At the same time another official warned that increased Russian oil
supplies to Asia after the construction of the pipeline would mean less
oil for Europe.
"As soon as we turn towards China, South Korea, Australia, Japan,
this will take away part of the oil from our European colleagues,"
Semyon Vainshtok, head of the state-owned pipeline company Transneft,
told the liberal Nezavisimaya Gazeta daily in an interview.
"We have overfed Europe with oil" -- a situation that meant
Russia could only sell to European markets at a reduced price, Vainshtok
added.
News of the start of preliminary work on the pipeline was given by the
governor of the Irkutsk region Alexander Tishanin.
The pipeline will pass within 800 metres (yards) of Lake Baikal and
environmentalists have expressed alarm about the effects of any spill,
the more so since the region is prone to earthquakes.
Some 1,600 wagonloads of tubes have already been sent to the Baikal
area, Tishanin said, according to the Itar-Tass news agency.
They are being unloaded at Taishet in Siberia, at the head of the pipeline,
east of Krasnoyarsk, north of Mongolia and west of Lake Baikal.
"Further east, closer to Baikal we don't see such activity,"

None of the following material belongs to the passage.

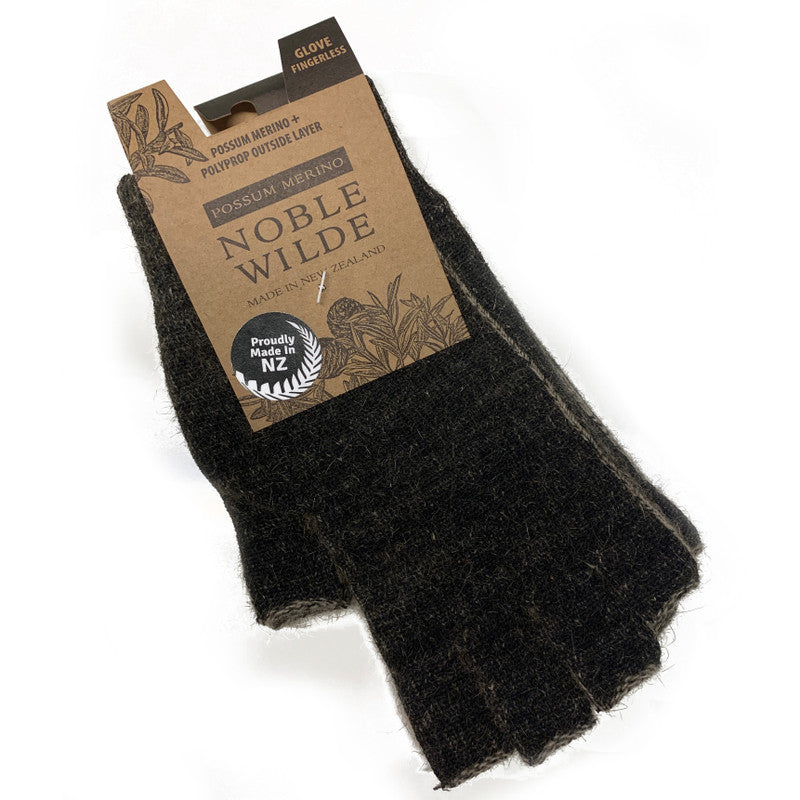 Possum & Polyprop Fingerless Gloves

said Tishanin who has frequently criticised the proximity of the pipeline
to the lake, the largest body of fresh water in the world.
Vainshtok said the construction of the 4,000-kilometre (2,485-mile)
pipeline would begin later this month.
The total cost of the project, intended to allow deliveries overland
to China as well as shipment to other countries from Russia's Pacific
coast, would be 6.5 billion dollars (5.3 billion euros), the newspaper
said.
Moscow is increasingly looking to Asian markets, such as energy-hungry
China and Japan, for lucrative export deals.
Last month, Russia signed a deal to build two gas pipelines to China
with a combined capacity of up to 80 billion cubic meters (2.8 trillion
cubic feet) per year.
Russia was expecting a grant from China to build a spur off the main
trunk line from Skovorodino to the Chinese border and was trying to
secure a two billion dollar loan for the main project from a consortium
of Western banks, Vainshtok said.
The cost of pumping oil through the pipeline would be 38.8 dollars per
ton, he added, comparing this to the 96 dollars currently charged by
Russia's rail system for deliveries to China.
Vainshtok also defended the project against charges that it presented
a major risk for Lake Baikal.
"We will guarantee unprecedented measures of protection against
the possible leakage of oil into the lake," he said.
A marine rescue team would be set up and the pipeline would be three
times thicker than average and made from a special material that will
make it both resistant and flexible, he added.